There was an Army presence. Bren-gun carriers rumbled along the main streets and clipped bits from the pavement edge. Air raid sirens were heard. The wavering sound of aircraft at night were taken to be German, with loads of bombs for places like Liverpool and Barrow.
The reporters’ room of the Herald, on the top floor of an elongated building, extending from Skipton High Street towards the Springs Canal, seemed half full of battered furniture and drifts of yellowing newsprint. Into the room strode Harry Scott, who lived at Clapham. He might have said: “Good Morning”. Or perhaps: “Hello”.
The words he uttered were “Hail to thee, blithe spirit…” It marked him out as someone special.
In April, 1939, with great courage and hardly any brass, Harry had started a magazine called The Yorkshire Dalesman. His work for the Herald supplemented his income.
I remember that a history lesson at school in Skipton was enlivened when Harry Gill, the teacher, held up Volume 1, Number 1 of this periodical and commended it to us all.
Harry’s first task at the Herald was to visit the editor in a large office overlooking the High Street. He returned with a stack of copy to be processed.
I can picture him now, pressing Tom Long tobacco into his pipe and puffing vigorously. He created a smoke screen that took minutes to clear. News copy was handed out and reports of events presented to him. Elsewhere in the room there was a loud klonking sound as the keys of a bulky office typewriter were being fingered.
John Mitchell, the Herald editor, was thin and bespectacled. He liked comfort when reading proofs, leaning back on his chair, his feet reclining on the desk.
He had a wartime job in Civil Defence, so part of my work was copying manuals and drawing anti-personal devices that might, if the enemy was truly riled, be dropped on the historic town of Skipton.
One of my first journalistic jobs was to buy some pork pies from Mr Bean’s shop in the Middle Row.
Then, back in the office, with proof-reading in progress, I would place the pies before an open fire so they would not become chilled. I held a mass of “copy” as someone read items in a monotonous voice that had affinities with a medieval chant.
The head printer at the Herald was Reg Billows, a family friend for many years.
He liked to get things done – instantly – and would announce that a proof was ready for reading by thwacking a wooden rod against the back of a door.
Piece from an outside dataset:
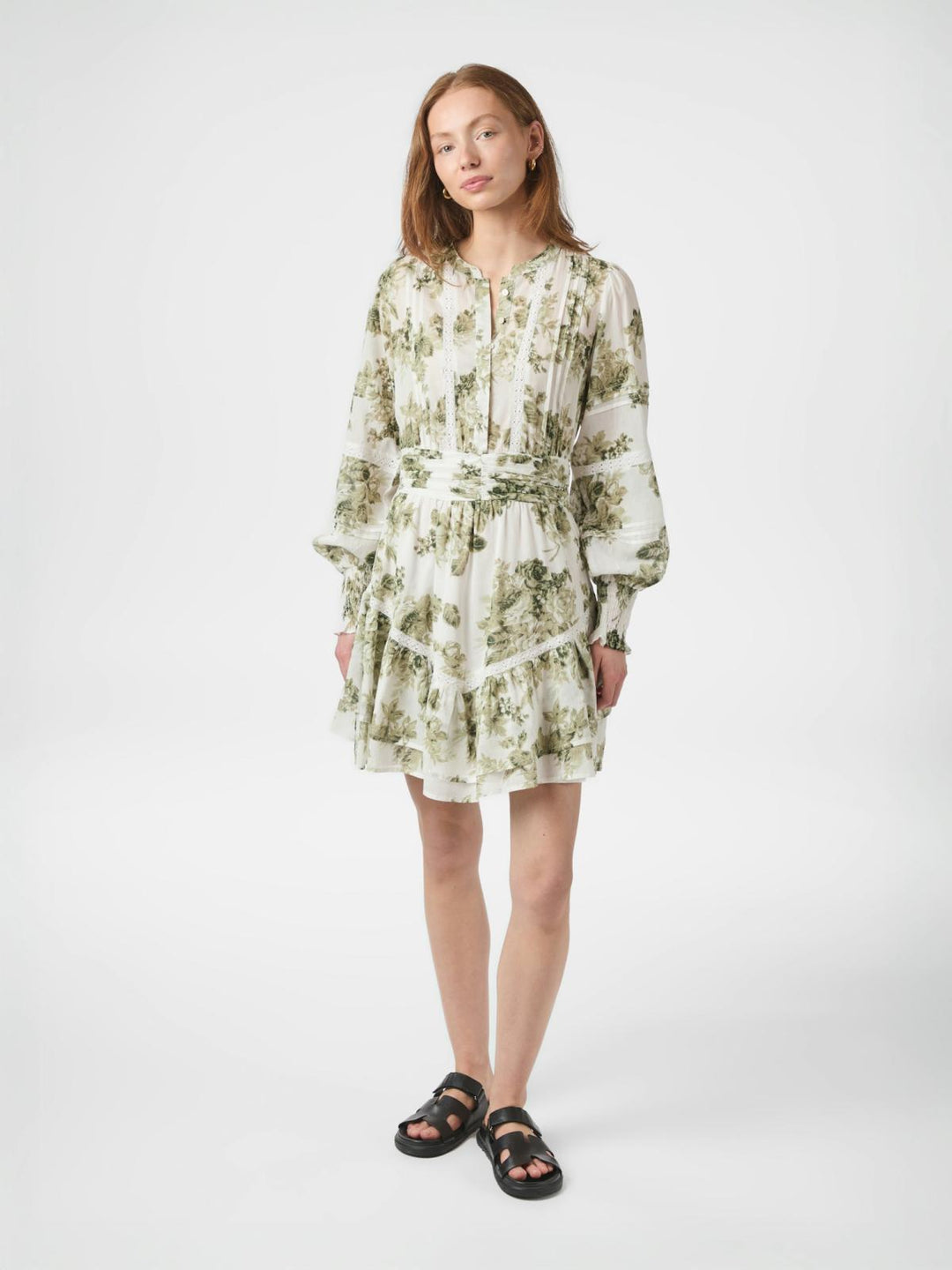 NEO NOIR Roberta Flower Flow Dress Sage Green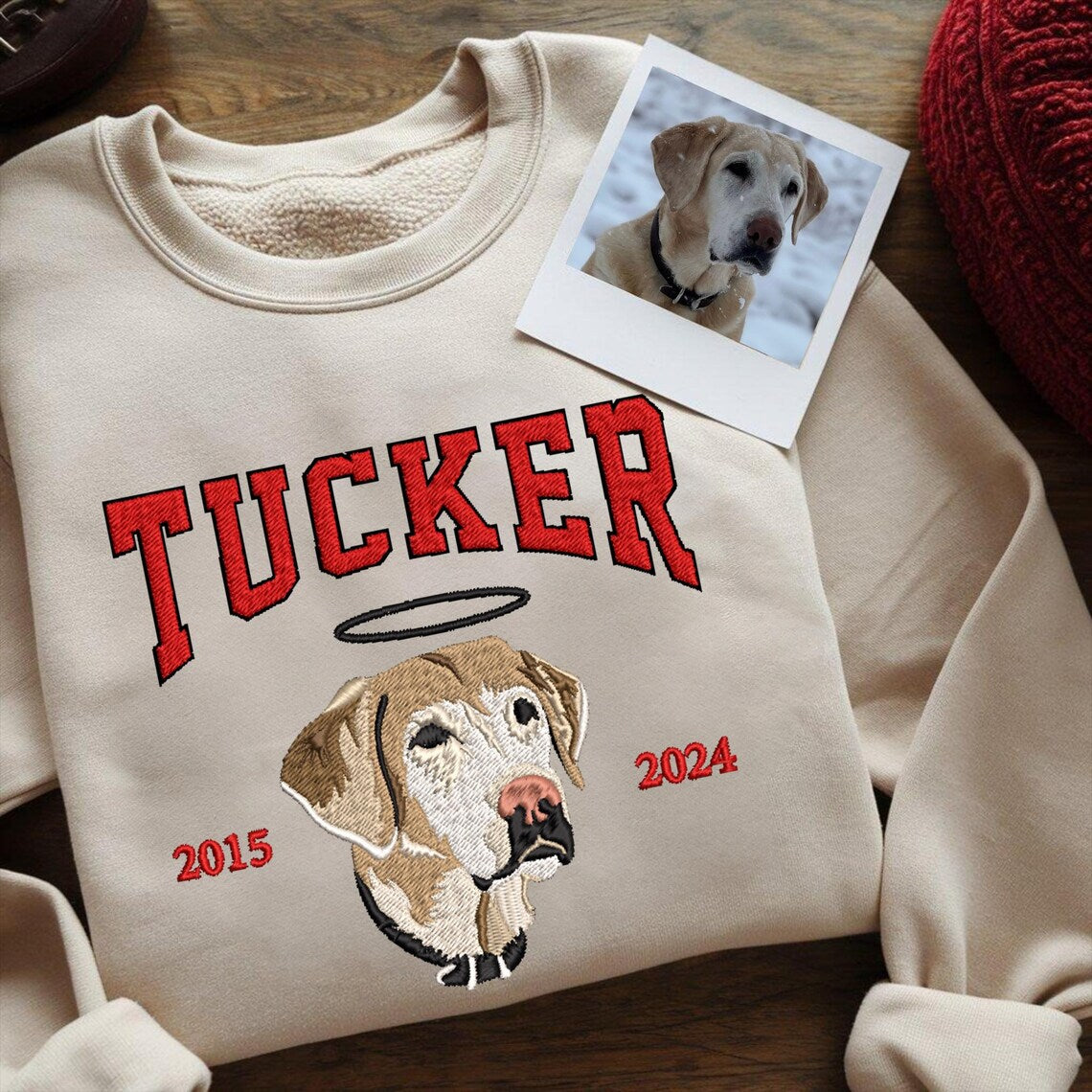 Custom Embroidered Dog Pet Face and Name Est Sweatshirt Hoodie for Pet Lovers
On the top storey were several Monotype composing machines. The keyboard operators punched out holes on rolls of stiffened paper.
Those rolls were slipped on to a long cord and sent by gravity to the ground-floor casting department where the man in charge had to spend his days with a loud rattling sound.
He was fond of talking about the “Russian situation.” In the pre-litho age, the printing department was a grimy, smelly, noisy realm of “hot metal”, hernia-inducing equipment and oil rags. The rotary press had been a throw-out from a daily newspaper in 1936.
I spent two years at Royal Navy air stations in England, Scotland and Northern Ireland, then – demobilised – was invited to visit the Scotts at Clapham.
The magazine was now called The Dalesman. It was in need of further expansion. Harry asked me if I would like to join him at Clapham. I would. And I did.